[Excerpts from a dataset]
+ + +

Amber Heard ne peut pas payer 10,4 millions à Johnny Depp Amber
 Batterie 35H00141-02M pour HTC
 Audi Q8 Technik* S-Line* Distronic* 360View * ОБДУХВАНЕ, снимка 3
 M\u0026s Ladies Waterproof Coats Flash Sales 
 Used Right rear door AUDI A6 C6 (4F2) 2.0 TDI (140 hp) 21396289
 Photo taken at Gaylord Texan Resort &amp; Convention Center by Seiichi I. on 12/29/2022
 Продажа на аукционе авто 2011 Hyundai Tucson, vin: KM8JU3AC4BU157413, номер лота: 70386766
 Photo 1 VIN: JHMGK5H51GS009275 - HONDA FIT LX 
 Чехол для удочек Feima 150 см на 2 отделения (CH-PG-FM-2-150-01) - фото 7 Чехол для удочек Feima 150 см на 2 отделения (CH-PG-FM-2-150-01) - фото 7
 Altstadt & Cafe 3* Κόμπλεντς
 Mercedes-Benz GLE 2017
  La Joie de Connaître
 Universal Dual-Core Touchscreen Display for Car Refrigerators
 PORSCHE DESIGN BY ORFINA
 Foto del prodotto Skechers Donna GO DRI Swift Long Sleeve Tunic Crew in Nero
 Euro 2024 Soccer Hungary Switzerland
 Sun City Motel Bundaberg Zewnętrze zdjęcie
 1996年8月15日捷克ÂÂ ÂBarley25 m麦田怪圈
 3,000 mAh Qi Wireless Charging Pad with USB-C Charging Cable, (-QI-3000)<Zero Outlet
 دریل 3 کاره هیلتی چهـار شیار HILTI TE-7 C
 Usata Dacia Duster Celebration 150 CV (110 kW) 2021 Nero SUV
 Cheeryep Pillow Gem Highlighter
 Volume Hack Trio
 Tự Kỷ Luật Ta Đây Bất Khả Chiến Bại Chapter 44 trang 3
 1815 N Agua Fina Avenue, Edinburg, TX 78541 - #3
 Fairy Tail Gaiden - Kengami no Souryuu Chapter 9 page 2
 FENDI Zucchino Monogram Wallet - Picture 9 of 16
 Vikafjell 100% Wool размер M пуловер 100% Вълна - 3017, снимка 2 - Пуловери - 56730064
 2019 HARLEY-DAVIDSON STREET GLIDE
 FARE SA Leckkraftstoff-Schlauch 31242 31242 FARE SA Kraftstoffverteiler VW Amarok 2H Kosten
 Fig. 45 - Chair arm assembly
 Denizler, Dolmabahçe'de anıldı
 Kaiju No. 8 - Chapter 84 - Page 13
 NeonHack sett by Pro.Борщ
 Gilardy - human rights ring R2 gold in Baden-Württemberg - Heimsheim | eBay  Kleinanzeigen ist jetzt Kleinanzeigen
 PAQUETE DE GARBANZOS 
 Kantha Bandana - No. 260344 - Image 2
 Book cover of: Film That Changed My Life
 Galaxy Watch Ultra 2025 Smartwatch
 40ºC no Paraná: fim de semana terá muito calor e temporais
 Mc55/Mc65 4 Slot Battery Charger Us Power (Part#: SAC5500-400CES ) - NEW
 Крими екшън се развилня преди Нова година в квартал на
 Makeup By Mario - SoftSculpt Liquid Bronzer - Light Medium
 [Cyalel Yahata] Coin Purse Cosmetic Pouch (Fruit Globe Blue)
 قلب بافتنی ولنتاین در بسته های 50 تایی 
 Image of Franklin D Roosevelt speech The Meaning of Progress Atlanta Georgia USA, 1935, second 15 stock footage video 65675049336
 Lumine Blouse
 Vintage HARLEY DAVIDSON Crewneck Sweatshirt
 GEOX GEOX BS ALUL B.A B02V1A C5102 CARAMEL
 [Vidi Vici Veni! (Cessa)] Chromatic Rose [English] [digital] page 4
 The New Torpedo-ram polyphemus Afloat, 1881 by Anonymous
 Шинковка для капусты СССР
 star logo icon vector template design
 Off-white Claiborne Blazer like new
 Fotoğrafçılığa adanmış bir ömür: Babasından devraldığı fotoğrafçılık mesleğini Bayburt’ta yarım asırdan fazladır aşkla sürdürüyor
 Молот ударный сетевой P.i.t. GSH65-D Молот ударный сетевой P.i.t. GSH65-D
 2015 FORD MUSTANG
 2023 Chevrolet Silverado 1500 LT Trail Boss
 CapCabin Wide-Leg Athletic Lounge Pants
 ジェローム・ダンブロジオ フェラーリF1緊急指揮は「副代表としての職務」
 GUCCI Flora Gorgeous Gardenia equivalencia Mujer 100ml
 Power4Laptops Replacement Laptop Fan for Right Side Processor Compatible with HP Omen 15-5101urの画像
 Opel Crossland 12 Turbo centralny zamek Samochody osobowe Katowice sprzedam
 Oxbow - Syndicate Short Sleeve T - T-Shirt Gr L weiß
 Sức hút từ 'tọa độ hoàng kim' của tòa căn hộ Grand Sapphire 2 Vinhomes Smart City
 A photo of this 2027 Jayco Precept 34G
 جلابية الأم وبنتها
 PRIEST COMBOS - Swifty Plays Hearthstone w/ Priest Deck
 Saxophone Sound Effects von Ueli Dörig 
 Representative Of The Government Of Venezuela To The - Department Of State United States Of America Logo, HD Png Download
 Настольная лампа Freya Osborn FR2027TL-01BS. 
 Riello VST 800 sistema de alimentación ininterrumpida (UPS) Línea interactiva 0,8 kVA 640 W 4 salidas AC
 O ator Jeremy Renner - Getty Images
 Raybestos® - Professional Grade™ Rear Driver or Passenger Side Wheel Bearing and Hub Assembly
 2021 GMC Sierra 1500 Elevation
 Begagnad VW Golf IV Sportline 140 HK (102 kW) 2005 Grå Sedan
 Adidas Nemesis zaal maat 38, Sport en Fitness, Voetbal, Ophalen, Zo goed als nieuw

+ + +

Reproduce only this range: the first line of the data above through the line with "Photo taken at", both included, exactly as written.

**Response for this exercise**
Amber Heard ne peut pas payer 10,4 millions à Johnny Depp Amber
 Batterie 35H00141-02M pour HTC
 Audi Q8 Technik* S-Line* Distronic* 360View * ОБДУХВАНЕ, снимка 3
 M\u0026s Ladies Waterproof Coats Flash Sales 
 Used Right rear door AUDI A6 C6 (4F2) 2.0 TDI (140 hp) 21396289
 Photo taken at Gaylord Texan Resort &amp; Convention Center by Seiichi I. on 12/29/2022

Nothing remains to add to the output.